Brexit negotiations are a 'spin war': PRWeek grills the Telegraph's Asa Bennett

The Telegraph's Asa Bennett casts light on covering Brexit in a Eurosceptic title - and his very different, but very polite, namesake on Twitter.

Is Brexit actually going to happen?

There would be such a backlash [if it were reversed], so we can assume for all intents and purposes that it is going ahead.

The media are unimpressed with the Government’s negotiating tactics thus far – is that fair?

While I would very much defend the right of the British people to scrutinise and speak truth to power, we sometimes lose that when we talk about Europe and the withdrawal process – it worries me that some pundits take [EU chief negotiator] Michel Barnier’s pronouncements as if they’re stone tablets brought down from on high. He is a politician and he will say political things and his job is to put out the message that Britain hasn’t done its homework. Some columnists take this hook, line and sinker – they’re not understanding there is a spin war here, and the EU has fantastic message discipline.

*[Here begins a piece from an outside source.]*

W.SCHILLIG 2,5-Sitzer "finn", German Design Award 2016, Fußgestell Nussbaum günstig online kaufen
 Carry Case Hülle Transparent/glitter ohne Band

Does that mean you back Andrea Leadsom’s call for a more 'patriotic' media?

I can sympathise with that, even if it was clumsily worded – but the point really is about the need to equally scrutinise the EU position and its plans. I would warn fellow journalists about treating the EU’s statements as complete unquestionable gospel.

Where did you stand during the referendum?

I started out with a foot in each camp, but leaning more towards Leave. The miserable Remain campaign, and the horrendously melodramatic reaction among Remainers after the vote, made it even easier for me to embrace Brexit.

Do you think it’s a problem that The Telegraph is seen as a partisan outlet?

The Telegraph doesn’t hide what we think about Brexit. We’ve long been a Eurosceptic newspaper as readers, even those who disagree with us, would recognise. I get asked: "Do you only want columns that are pro-Brexit or want a hard Brexit?", but our regular columnists include William Hague, who was one of the strongest proponents of Remain, and we’ve also had noted Europhile Guy Verhofstadt write for us recently. I think Jeremy Corbyn has written in our paper twice now – some of our readers may have seen his work as ghastly socialist drivel, but others will have found it interesting.

How did you get into journalism?

I did a postgrad in political journalism at City University and interned at the Huffington Post, then got a paid job with an MP [Conservative David Rutley], but having to be a bit of an anonymous bag carrier didn’t really suit me. Then I joined London Loves Business writing about politics, broke some scoops and the HuffPo called me up and said: "We’d like to pay you this time." Working for David was interesting though – he had the distinction of being the first Mormon MP, around the time Mitt Romney was running for president. I’d get lots of bids saying "can we talk about the M-word?", but he didn’t want to get pigeonholed as ‘the Mormon MP’. We got odd questions, things like "how many wives does he have?". The answer is one.

Do you enjoy social media?

I’ve been trying out LinkedIn, but Twitter is my more regular bread and butter, although I err on the side of caution of only tweeting when I have something to say – there are some commentators out there who just tweet about everything and I think that cheapens what they have to say.

There is someone who is @asabennett on Twitter who is a music producer specialising in ‘spatial sounds’. He seems like a cool dude but the problem is he has my name, he loves Jeremy Corbyn and does not like Brexit, so when I go on Sky or something advocating my viewpoint, he gets trolled by people and very politely advises people "No, I think you mean @Asabenn" – he’s really the @JohnLewis of politics.

What do you think of PR people?

I have complete respect for PR people. My fiancée works in comms in the arts – but we actually met at university. I think we both are aware of our respective industries’ potential imperfections, but we can provide a devil’s advocate to each other. More broadly, too much of the Brexit content that PRs have to put out is their client saying "There’s not much certain about x, when there is certainty that will be nice", but I think our readers know that broadly, there is a lot of uncertainty, so I try to set a higher bar than that.

Which career – PR or journalism – might you hope future Bennett offspring pursue?

I’d hope that they would be open to the opportunities of either sector, given that both are very fast-changing.